Before you can run this example, you need to configure a cluster and upload your data to the Cloud. In MATLAB, you can create clusters in the cloud directly from the MATLAB Desktop. On the Home tab, in the Parallel menu, select Create and Manage Clusters. In the Cluster Profile Manager, click Create Cloud Cluster. Alternatively, you can use MathWorks Cloud Center to create and access compute clusters. For more information, see Getting Started with Cloud Center. For this example, ensure that your cluster is set as default on the MATLAB Home tab, in Parallel > Select a Default Cluster. After that, upload your data to an Amazon S3 bucket and use it directly from MATLAB. This example uses a copy of the CIFAR-10 data set that is already stored in Amazon S3. For instructions, see Work with Deep Learning Data in AWS.

Load Data Set from the Cloud

Load the training and test data sets from the cloud using imageDatastore. Split the training data set into training and validation sets, and keep the test data set to test the best network from the parameter sweep. In this example, you use a copy of the CIFAR-10 data set stored in Amazon S3. To ensure that the workers have access to the datastore in the cloud, make sure that the environment variables for the AWS credentials are set correctly. See Work with Deep Learning Data in AWS.

imds = imageDatastore("s3://cifar10cloud/cifar10/train", ...
    IncludeSubfolders=true, ...
    LabelSource="foldernames");

imdsTest = imageDatastore("s3://cifar10cloud/cifar10/test", ...
    IncludeSubfolders=true, ...
    LabelSource="foldernames");

[imdsTrain,imdsValidation] = splitEachLabel(imds,0.9);

Train the network with augmented image data by creating an augmentedImageDatastore object.
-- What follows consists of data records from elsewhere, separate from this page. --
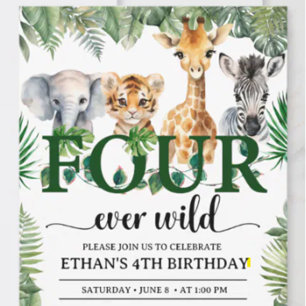 Convite Quatro Selvagens Safari Animais da Selva Aniversár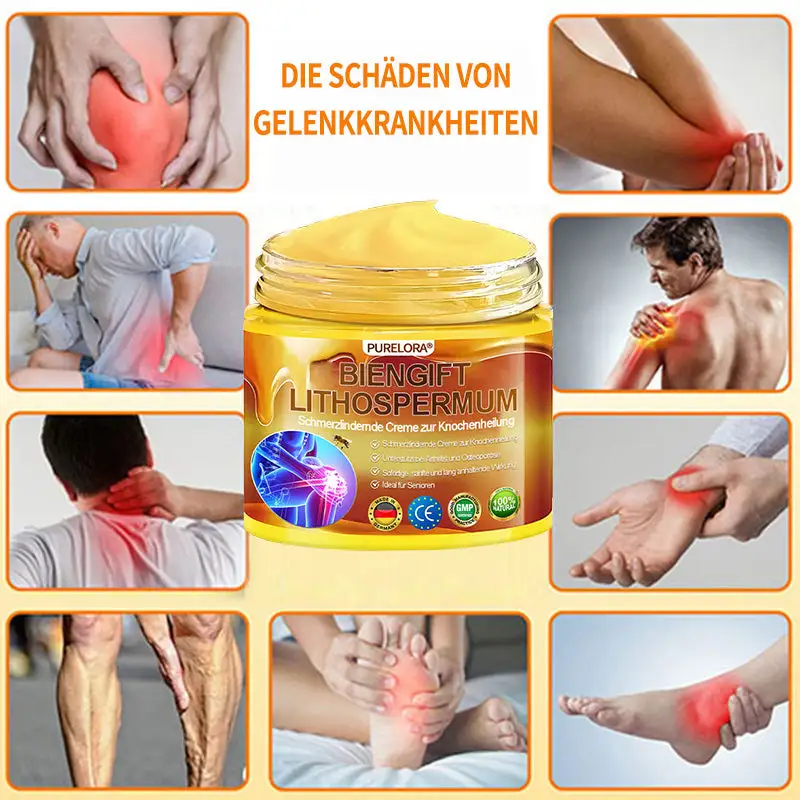 🐝 Offizieller Online-Shop丨Purelora® Bee Venom & Lithospermum Comfort Cream Wenn Gehen, Stehen oder Schlafen unangenehm wird — tägliche Schmerzlinderung & Knochenkomfort für ältere Erwachsene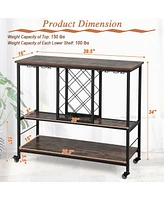 Sugift 3-Tier Wine Bar Cabinet with 8 Bottles Rack and 12 Glasses Hanger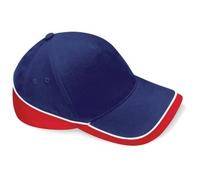 Beechfield B171 Teamwear Competition Baseball Cap French Navy/Classic Red
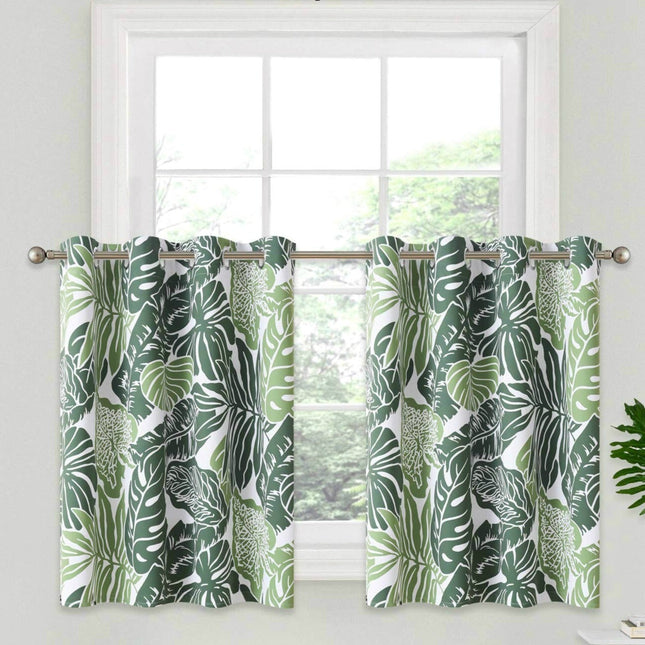 Visillo de cocina con estampado tropical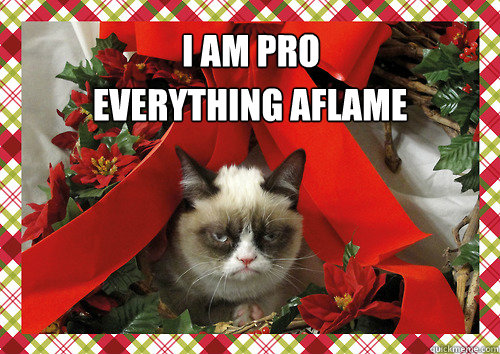 I am pro 
 everything aflame  merry christmas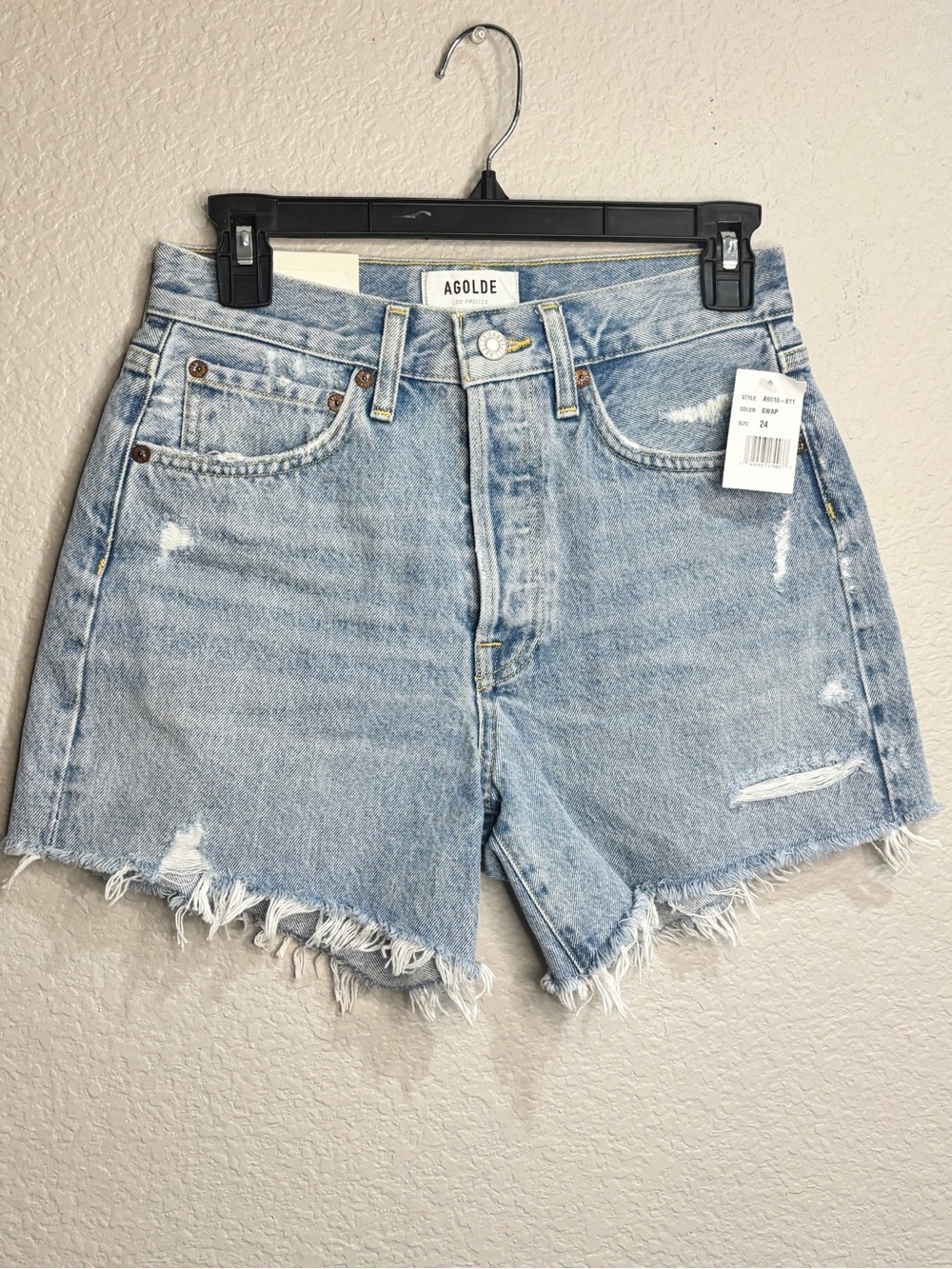 Agolde Light Blue Distressed High-Rise Denim Shorts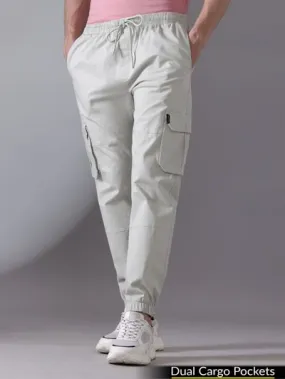 Buy Pale Grey Dual Pocket Cargo Joggers Online in India -Beyoung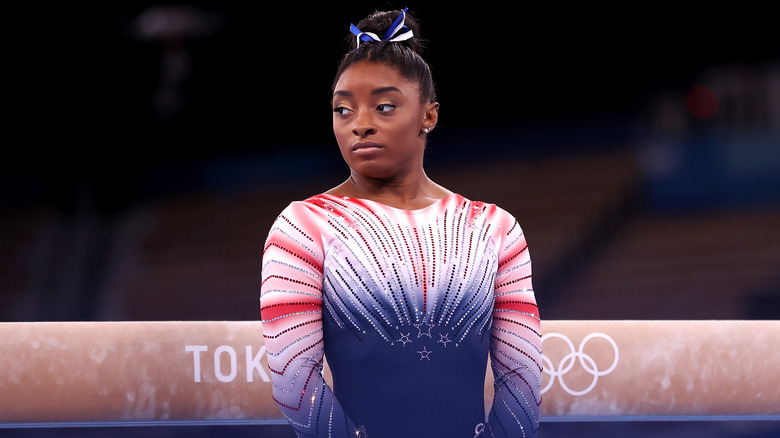 Simone Biles en compétition à Tokyo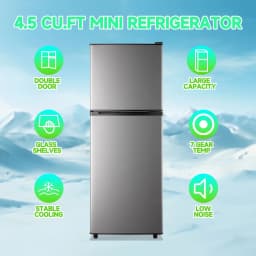TACOOL 5.0 Cu.ft Small Refrigerator Mini Fridge for Bedroom Drink Holder Large Capacity Suit for Home, Apartment, Office SILVER - Thumbnail 2
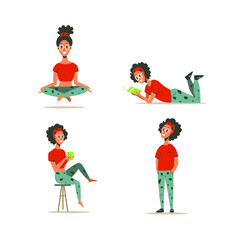 The girl is meditating, doing yoga in the lotus position, sitting on a chair holding a mug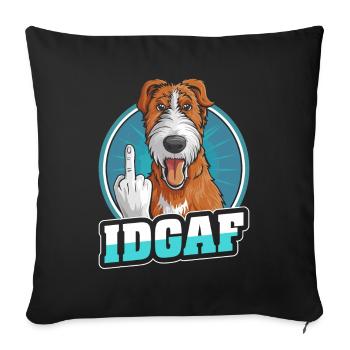 Irish Wolfhound Idgaf - Housse de coussin décorative 45 x 45 cm - noir - Devant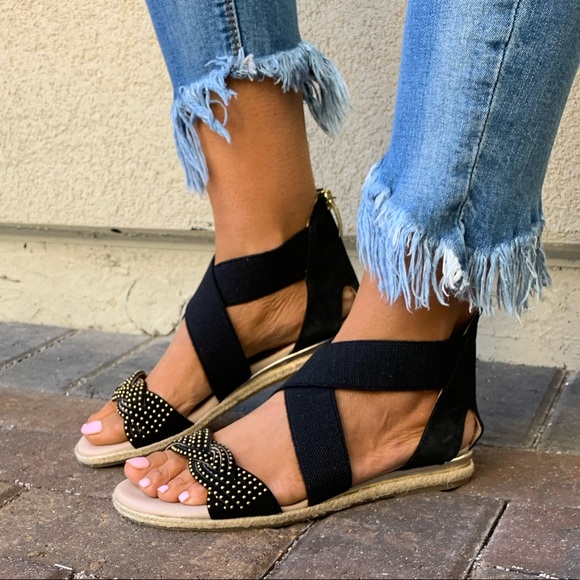 Black Elasticize Straps Studs Vamp Espadrille Flat - Picture 2 of 6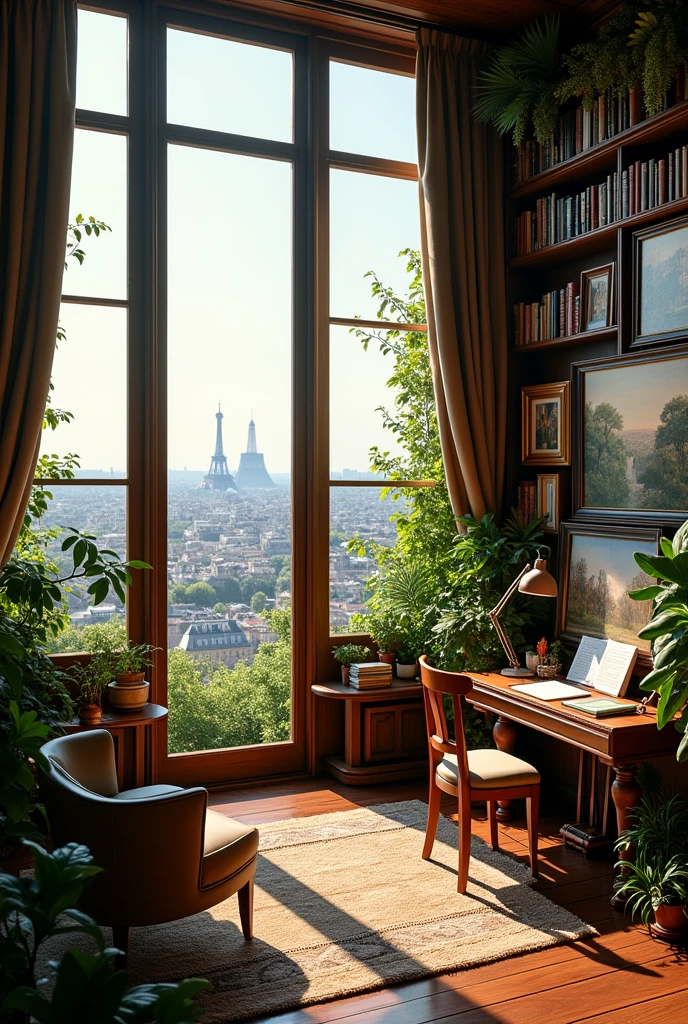 "A luxurious penthouse view from the Tour Cristal tower in Paris. The scene captures the breathtaking cityscape, with iconic Parisian landmarks visible in the distance. The penthouse interior has a foresty vibe, featuring rich wooden floors, lots of greenery, and large windows that flood the space with natural light. The room is adorned with numerous bookshelves filled with books, art supplies, and musical instruments. The walls display a collection of paintings, and there’s a cozy corner with a grand piano, easels, and a writing desk. The vibe is creative, warm, and artistic, reflecting the owner’s passion for music, painting, and writing."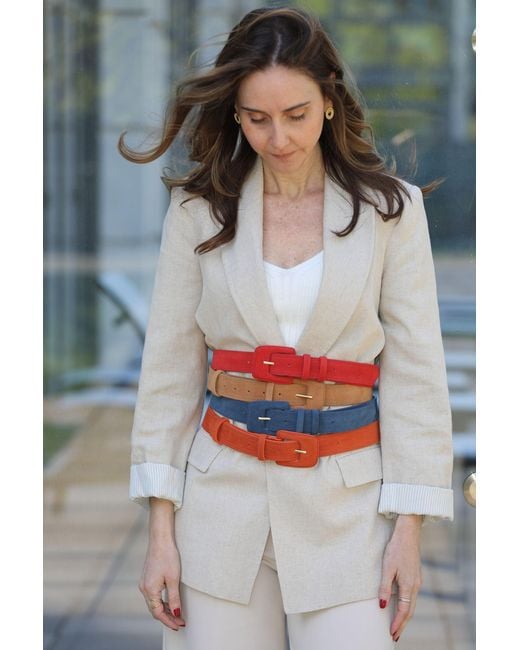 BeltBe Brown Suede Rectangle Buckle Belt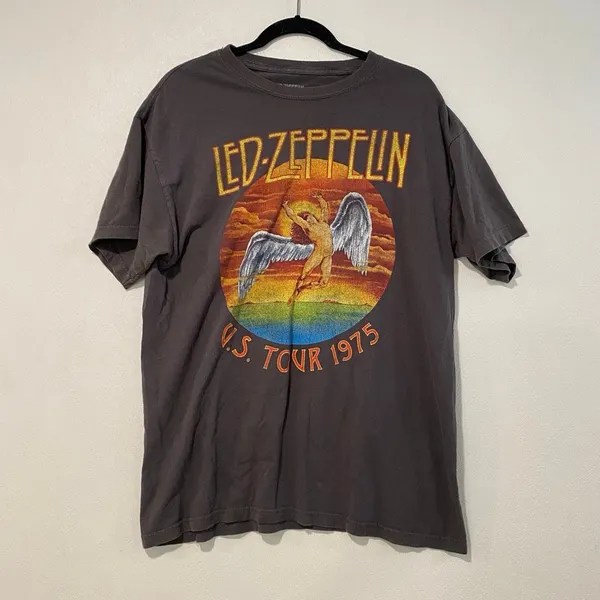 Led Zeppelin U.S. Tour 1975 Graphic Band Tee Size Large Retro Rock - Image 2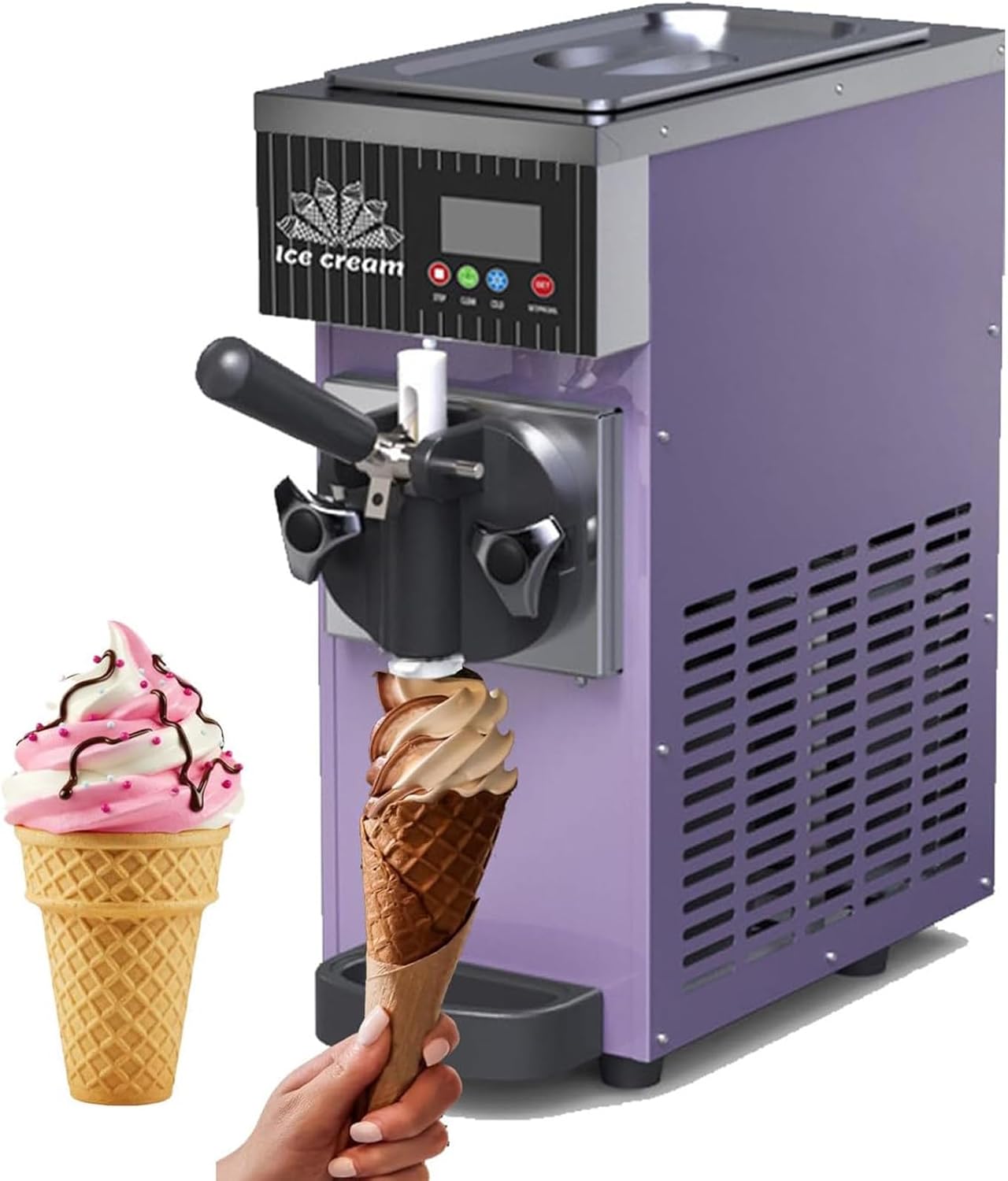 Soft Serve Ice Cream Machine for Home,Countertop Soft Serve Ice Cream Maker,4-5 Kg/H Yield,with Pre-Cooling,Auto Clean,LCD Panel Soft Serve Maker Single Flavor Soft Serve Ice Cream Machine,Purple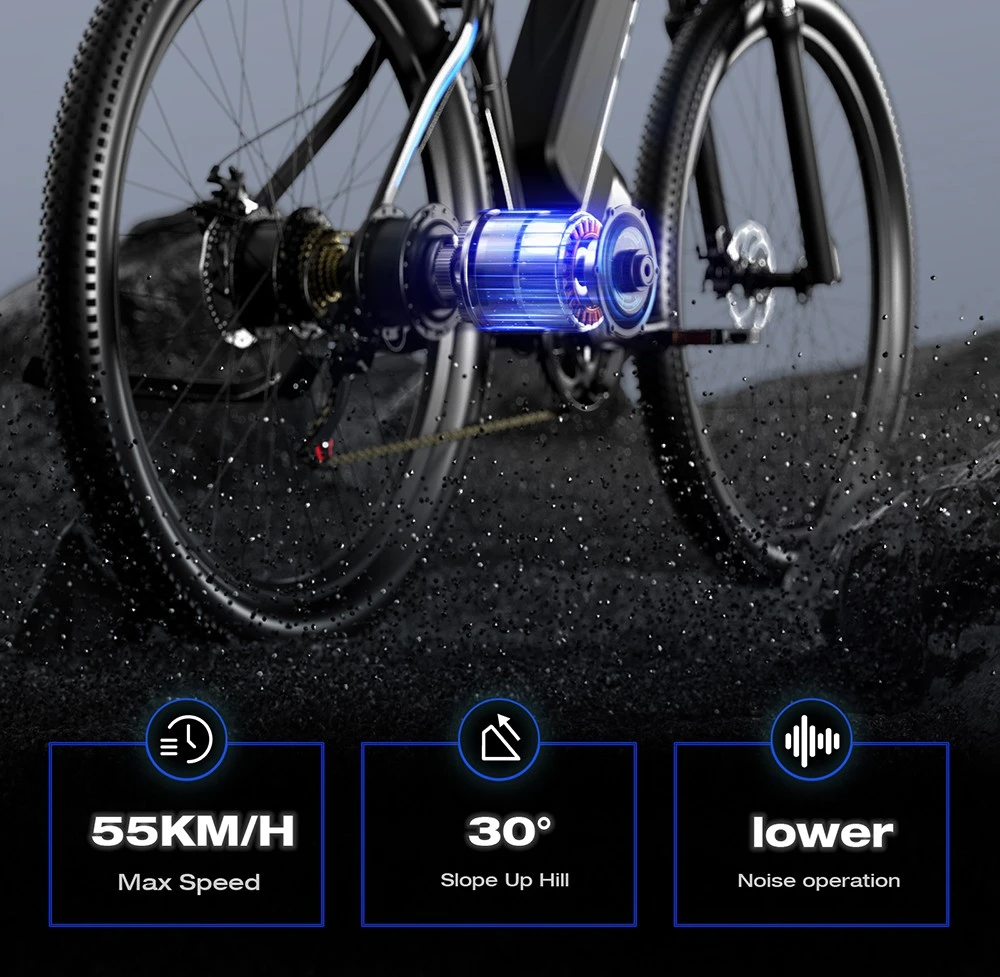 E·Bycco E8 Elcykel, 750W Motor, 48V 17.5Ah Batteri, 29-tums Däck, 48 km/h Maxhastighet, 105 km Räckvidd, Mekanisk Skivbroms, Fjädrande Framgaffel, Shimano 21-växlad, LCD-Display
Use random translations and horizontal reflections. Data augmentation helps prevent the network from overfitting and memorizing the exact details of the training images.

imageSize = [32 32 3];
pixelRange = [-4 4];
imageAugmenter = imageDataAugmenter( ...
    RandXReflection=true, ...
    RandXTranslation=pixelRange, ...
    RandYTranslation=pixelRange);
augmentedImdsTrain=augmentedImageDatastore(imageSize,imdsTrain, ...
    DataAugmentation=imageAugmenter, ...
    OutputSizeMode="randcrop");

Train Several Networks Simultaneously

Specify the training options. Set the mini-batch size and scale the initial learning rate linearly according to the mini-batch size. Set the validation frequency so that trainnet validates the network once per epoch.

miniBatchSize = 128;
initialLearnRate = 1e-1 * miniBatchSize/256;
validationFrequency = floor(numel(imdsTrain.Labels)/miniBatchSize);
options = trainingOptions("sgdm", ...
    MiniBatchSize=miniBatchSize, ... % Set the mini-batch size
    Verbose=false, ... % Do not send command line output.
    Metrics="accuracy", ...
    InitialLearnRate=initialLearnRate, ... % Set the scaled learning rate.
    L2Regularization=1e-10, ...
    MaxEpochs=30, ...
    Shuffle="every-epoch", ...
    ValidationData=imdsValidation, ...
    ValidationFrequency=validationFrequency);

Specify the depths for the network architecture on which to do a parameter sweep. Perform a parallel parameter sweep training several networks simultaneously using parfeval. Use a loop to iterate through the different network architectures in the sweep. Create the helper function createNetworkArchitecture at the end of the script, which takes an input argument to control the depth of the network and creates an architecture for CIFAR-10. Use parfeval to offload the computations performed by trainnet to a worker in the cluster. parfeval returns a future object to hold the trained networks and training information when computations are done.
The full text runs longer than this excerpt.